- [YOUR TASK]: For the entries below, the expected answer is the line with "Omgedraaide chat AI", the line with "Building Photo - 515 Princeton Ave N", and every line between them, exactly as written, and nothing more.

- [PROVIDED ENTRIES]:
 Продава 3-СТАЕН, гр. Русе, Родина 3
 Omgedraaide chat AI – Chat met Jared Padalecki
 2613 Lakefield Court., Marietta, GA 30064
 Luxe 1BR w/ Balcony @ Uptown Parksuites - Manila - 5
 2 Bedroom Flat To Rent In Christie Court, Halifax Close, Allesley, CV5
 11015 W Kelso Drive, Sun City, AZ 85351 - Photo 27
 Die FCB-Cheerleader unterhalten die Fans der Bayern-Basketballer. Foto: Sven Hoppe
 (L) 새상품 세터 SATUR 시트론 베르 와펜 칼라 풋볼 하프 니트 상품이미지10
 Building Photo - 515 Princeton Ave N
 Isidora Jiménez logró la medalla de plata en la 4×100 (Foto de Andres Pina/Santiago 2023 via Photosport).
* * *
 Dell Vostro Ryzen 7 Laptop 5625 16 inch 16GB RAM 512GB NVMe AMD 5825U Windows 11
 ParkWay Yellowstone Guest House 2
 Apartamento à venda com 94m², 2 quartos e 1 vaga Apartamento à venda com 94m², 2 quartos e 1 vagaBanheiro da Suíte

- [EXPECTED OUTPUT]:
 Omgedraaide chat AI – Chat met Jared Padalecki
 2613 Lakefield Court., Marietta, GA 30064
 Luxe 1BR w/ Balcony @ Uptown Parksuites - Manila - 5
 2 Bedroom Flat To Rent In Christie Court, Halifax Close, Allesley, CV5
 11015 W Kelso Drive, Sun City, AZ 85351 - Photo 27
 Die FCB-Cheerleader unterhalten die Fans der Bayern-Basketballer. Foto: Sven Hoppe
 (L) 새상품 세터 SATUR 시트론 베르 와펜 칼라 풋볼 하프 니트 상품이미지10
 Building Photo - 515 Princeton Ave N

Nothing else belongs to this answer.